### Your goal:
Go through the entries below and print, exactly, the lines starting at the one with "New! TAHARI Splatter" and ending at the one with "Piercing para la lengua de", keeping both ends and no others.

++++ Supplied data

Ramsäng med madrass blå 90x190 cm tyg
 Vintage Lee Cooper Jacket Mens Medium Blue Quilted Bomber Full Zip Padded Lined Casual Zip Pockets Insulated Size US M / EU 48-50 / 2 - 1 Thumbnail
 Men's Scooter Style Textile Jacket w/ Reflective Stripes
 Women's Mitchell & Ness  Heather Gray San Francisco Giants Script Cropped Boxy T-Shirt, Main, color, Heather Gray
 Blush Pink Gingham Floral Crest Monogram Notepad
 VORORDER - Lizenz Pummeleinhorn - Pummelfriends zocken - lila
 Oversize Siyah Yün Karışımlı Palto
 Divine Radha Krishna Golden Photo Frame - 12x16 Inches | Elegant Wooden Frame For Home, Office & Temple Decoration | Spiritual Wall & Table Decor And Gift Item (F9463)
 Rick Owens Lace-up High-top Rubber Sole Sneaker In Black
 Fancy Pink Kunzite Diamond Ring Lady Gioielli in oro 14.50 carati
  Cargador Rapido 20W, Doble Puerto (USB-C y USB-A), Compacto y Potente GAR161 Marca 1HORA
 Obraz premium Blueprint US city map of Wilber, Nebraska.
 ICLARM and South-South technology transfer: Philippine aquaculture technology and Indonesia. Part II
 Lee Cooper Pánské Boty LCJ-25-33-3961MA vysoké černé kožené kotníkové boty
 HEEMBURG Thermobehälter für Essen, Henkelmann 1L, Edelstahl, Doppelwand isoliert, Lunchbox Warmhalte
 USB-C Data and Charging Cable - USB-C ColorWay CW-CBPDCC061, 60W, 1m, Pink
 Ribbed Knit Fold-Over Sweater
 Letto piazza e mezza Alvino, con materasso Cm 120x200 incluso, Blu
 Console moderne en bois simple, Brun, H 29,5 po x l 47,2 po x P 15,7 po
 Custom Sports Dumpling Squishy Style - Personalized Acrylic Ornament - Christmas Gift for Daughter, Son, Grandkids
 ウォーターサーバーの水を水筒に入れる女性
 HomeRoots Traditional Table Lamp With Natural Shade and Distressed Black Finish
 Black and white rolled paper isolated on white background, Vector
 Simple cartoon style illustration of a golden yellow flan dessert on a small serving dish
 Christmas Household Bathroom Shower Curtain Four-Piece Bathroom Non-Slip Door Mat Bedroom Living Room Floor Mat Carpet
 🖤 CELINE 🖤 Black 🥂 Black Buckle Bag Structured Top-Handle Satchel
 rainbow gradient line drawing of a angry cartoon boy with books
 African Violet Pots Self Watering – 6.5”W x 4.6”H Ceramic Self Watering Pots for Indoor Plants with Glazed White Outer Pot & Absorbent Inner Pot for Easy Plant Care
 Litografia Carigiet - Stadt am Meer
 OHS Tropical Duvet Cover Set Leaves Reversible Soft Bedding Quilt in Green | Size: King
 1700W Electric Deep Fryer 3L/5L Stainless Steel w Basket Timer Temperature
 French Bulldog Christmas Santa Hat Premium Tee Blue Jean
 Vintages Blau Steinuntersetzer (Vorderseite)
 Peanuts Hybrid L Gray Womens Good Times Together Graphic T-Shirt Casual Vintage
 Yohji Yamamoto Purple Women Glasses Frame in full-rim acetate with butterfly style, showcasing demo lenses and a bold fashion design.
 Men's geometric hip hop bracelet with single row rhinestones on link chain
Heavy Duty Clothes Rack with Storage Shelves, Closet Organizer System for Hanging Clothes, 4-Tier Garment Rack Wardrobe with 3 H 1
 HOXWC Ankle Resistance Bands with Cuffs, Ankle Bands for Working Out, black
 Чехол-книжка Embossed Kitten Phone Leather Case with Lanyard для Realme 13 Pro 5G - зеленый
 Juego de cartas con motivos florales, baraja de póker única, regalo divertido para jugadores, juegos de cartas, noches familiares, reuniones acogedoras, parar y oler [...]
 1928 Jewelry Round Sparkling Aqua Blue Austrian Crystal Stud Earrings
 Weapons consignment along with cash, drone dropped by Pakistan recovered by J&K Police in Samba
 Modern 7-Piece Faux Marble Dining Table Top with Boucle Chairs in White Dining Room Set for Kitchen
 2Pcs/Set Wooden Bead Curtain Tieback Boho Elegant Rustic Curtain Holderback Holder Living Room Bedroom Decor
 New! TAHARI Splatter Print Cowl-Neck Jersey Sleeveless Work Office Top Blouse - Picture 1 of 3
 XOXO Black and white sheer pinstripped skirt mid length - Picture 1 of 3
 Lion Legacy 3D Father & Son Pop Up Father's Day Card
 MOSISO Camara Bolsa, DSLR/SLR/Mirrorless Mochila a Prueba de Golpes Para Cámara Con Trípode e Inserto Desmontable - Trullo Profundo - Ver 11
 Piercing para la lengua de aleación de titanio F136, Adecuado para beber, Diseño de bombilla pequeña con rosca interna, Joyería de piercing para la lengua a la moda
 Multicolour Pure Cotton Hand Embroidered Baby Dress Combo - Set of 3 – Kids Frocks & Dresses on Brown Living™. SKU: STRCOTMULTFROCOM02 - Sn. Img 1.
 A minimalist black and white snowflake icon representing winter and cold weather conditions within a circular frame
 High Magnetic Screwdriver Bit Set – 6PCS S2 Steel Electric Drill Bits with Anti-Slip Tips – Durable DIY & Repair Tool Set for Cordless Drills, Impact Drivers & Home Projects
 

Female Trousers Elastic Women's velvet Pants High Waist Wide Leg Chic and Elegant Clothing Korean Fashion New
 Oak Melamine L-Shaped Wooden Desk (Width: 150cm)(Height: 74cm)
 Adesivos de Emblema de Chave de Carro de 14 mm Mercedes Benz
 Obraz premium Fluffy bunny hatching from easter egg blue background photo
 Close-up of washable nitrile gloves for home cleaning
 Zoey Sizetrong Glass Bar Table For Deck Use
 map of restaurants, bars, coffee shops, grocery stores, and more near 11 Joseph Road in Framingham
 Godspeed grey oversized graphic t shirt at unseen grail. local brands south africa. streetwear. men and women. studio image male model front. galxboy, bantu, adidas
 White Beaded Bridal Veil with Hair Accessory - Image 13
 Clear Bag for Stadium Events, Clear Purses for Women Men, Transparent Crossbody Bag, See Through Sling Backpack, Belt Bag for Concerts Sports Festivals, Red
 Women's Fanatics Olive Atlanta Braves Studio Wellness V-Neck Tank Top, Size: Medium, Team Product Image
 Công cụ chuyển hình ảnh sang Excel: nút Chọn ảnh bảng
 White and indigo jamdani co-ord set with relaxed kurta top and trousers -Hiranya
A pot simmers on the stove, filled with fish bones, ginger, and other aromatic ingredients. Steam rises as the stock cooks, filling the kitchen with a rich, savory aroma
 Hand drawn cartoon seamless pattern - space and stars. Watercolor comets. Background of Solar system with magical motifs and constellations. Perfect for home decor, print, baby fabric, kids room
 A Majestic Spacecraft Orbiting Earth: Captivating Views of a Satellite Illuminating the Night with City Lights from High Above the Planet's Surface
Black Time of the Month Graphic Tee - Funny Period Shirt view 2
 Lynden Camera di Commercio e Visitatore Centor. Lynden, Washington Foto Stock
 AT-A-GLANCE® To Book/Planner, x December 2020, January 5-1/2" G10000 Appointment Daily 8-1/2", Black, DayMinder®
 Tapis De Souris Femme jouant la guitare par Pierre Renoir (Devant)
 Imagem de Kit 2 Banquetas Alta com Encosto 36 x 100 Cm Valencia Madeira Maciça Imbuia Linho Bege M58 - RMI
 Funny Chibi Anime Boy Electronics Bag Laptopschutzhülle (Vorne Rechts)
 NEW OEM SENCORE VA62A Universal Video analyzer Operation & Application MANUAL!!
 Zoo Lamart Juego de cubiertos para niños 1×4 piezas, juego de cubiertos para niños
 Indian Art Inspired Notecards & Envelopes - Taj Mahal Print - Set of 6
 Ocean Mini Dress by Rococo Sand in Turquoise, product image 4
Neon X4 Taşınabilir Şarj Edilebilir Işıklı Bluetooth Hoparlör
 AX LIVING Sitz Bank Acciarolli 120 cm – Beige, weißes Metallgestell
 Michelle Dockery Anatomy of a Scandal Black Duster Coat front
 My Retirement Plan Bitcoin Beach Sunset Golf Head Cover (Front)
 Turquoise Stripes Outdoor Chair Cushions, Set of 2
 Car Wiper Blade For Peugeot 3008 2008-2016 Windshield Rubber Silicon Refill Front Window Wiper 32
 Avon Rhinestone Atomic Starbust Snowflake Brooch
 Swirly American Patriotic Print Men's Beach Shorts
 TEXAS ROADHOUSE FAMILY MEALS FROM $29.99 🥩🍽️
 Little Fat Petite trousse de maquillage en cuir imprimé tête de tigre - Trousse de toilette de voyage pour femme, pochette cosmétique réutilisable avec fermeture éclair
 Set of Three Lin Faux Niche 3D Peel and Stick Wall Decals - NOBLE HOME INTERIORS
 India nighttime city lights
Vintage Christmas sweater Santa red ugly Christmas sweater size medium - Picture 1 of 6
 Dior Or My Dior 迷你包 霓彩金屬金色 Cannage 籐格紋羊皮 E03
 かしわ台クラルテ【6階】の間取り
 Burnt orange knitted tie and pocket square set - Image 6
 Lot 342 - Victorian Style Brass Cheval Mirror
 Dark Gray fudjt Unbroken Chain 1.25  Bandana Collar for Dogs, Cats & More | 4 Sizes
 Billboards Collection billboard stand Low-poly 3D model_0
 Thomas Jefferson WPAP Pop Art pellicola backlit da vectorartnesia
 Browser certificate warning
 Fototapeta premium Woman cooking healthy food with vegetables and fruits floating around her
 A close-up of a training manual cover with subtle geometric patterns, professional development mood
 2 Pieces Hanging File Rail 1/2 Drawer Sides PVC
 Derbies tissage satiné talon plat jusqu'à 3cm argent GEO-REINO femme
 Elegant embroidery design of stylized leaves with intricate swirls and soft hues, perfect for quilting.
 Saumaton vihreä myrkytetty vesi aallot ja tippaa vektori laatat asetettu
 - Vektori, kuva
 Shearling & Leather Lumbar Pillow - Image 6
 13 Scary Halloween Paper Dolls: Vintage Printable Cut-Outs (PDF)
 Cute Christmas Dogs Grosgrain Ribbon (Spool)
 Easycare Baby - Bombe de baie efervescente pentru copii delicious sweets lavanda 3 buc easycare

++++++++

### Final answer:
 New! TAHARI Splatter Print Cowl-Neck Jersey Sleeveless Work Office Top Blouse - Picture 1 of 3
 XOXO Black and white sheer pinstripped skirt mid length - Picture 1 of 3
 Lion Legacy 3D Father & Son Pop Up Father's Day Card
 MOSISO Camara Bolsa, DSLR/SLR/Mirrorless Mochila a Prueba de Golpes Para Cámara Con Trípode e Inserto Desmontable - Trullo Profundo - Ver 11
 Piercing para la lengua de aleación de titanio F136, Adecuado para beber, Diseño de bombilla pequeña con rosca interna, Joyería de piercing para la lengua a la moda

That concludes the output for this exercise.